Given a large-scale Spatio-temporal database, effectively and efficiently identifying strongly related features and removing the irrelevant or less important features with respect to a target variable is a critical and challenging issue in many fields. The optimal sub-feature-set that contains all the valuable information is called the Markov Boundary. Unfortunately, the existing feature selection methods often focus on identifying a single Markov Boundary, when real-world data could have many feature subsets that are equally good boundaries. In our work, we studied the existing state-of-the-art streaming feature selection methods. We evaluated them on meteorological data to identify the precursors to heavy precipitation event clusters. We also designed a new multiple-Markov-boundary-based predictive model, Galaxy, for long lead rainfall forecasting.

Streaming feature selection on large-scale Spatio-temporal database

In practical Spatio-temporal applications, transformations and interactions among a small original feature set can lead to combinatorial increase in feature set size. For example, considering interactions of the nine original meteorological features in 5,328 locations and ten days in a flooding forecasting problem led to a set of over 479,520 potential features. Streaming feature selection has always been a superior technique to interweave the feature generation process with the feature testing process to avoid generating features that are unlikely to be helpful. It continuously updates the subset of predicted features through correlation analysis of newly emerging features, target features, and selected features to remove irrelevant and redundant features and select the most relevant features. We evaluated four state-of-the-art streaming feature selection methods (Alpha-investing, Online Streaming FeatureSelection (OSFS), Scalable and Accurate Online Approach (SAOLA), and Group SAOLA) on meteorological data sets to identify the precursors to heavy precipitation event clusters. Through online redundancy analysis, OSFS significantly reduces the learning complexity (only 68 features are selected from 479,520 candidate features while Alpha-investing is 112) and provides us a more accurate precursor feature set with the most potent ability to predict heavy rain events. However, with the effort of online pairwise comparisons and group information, SAOLA and Group SAOLA only select 15, and 8 features, respectively, and the performance of predictive models using the selected feature sets is still comparable.

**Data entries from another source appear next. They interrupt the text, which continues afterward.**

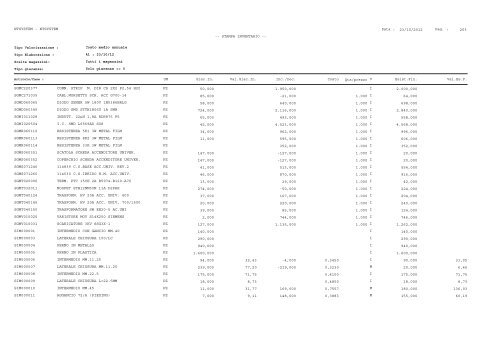 1 Pag. : 23/10/2012 Data : -- STAMPA INVENTARIO ... - Astagiudiziaria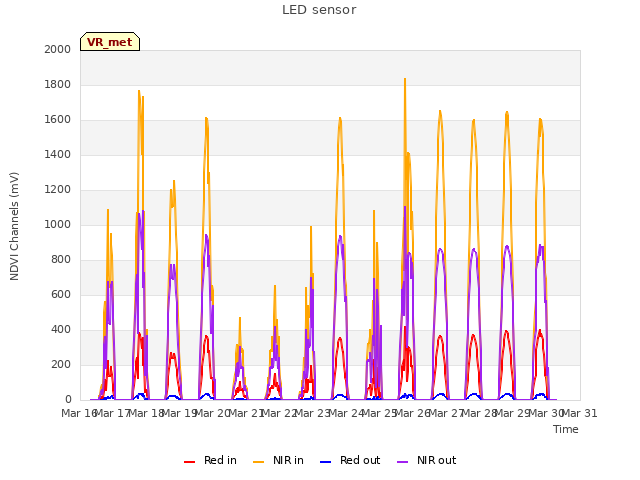 plot of LED sensor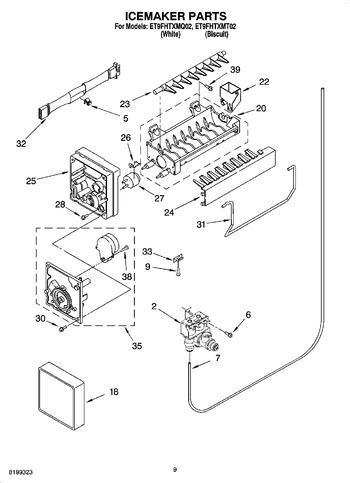 Diagram for ET9FHTXMT02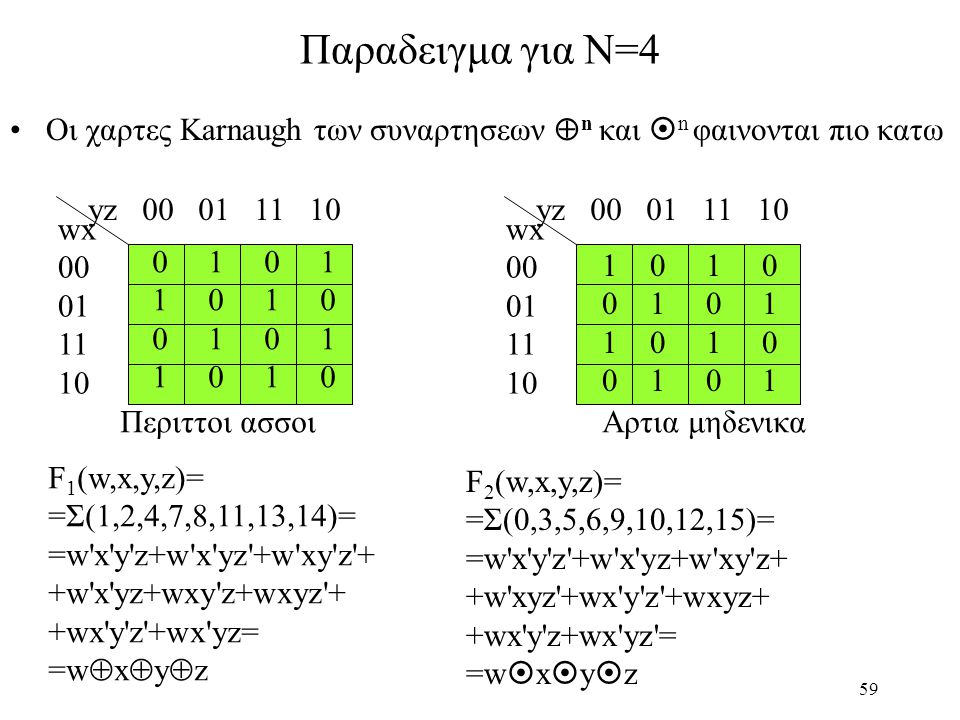 Παραδειγμα για N=4 Οι χαρτες Karnaugh των συναρτησεων n και n φαινονται πιο κατω. yz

Identify multiple Markov boundaries in large-scale Spatio-temporal database

The ultimate goal of the feature selection method is to identify the feature set most relevant to the target feature, which is called the Markov boundary. In an ideal situation, the joint probability distribution $P$ is faithful to $G$(the graph of the Bayesian network), there is a unique Markov boundary of the target variable. However, the faithfulness condition almost never holds in real-world data because of hidden variables, hypothesis test errors, and some fake relevance of pure chances, which makes the Markov boundary of the target variable not unique in common situations. Motivated by this, we design a new algorithm, Galaxy, to identify multiple Markov boundaries through equivalent information exploration. We first determine a Markov boundary $M$, then try to replace $A\in M$ with the potential equivalent feature set $B$ explored from the residual features through correlation and performance analysis. We applied Galaxy to an extremely high-dimensional meteorological data set and finally determined 15 Markov boundaries related to heavy rainfall events in the Des Moines River Basin in Iowa, where the smallest size is four and the largest size is 13. Our model identified the cold surges along the coast of Asia as an essential precursor to the surface weather over the United States, a finding which was later corroborated by climate experts.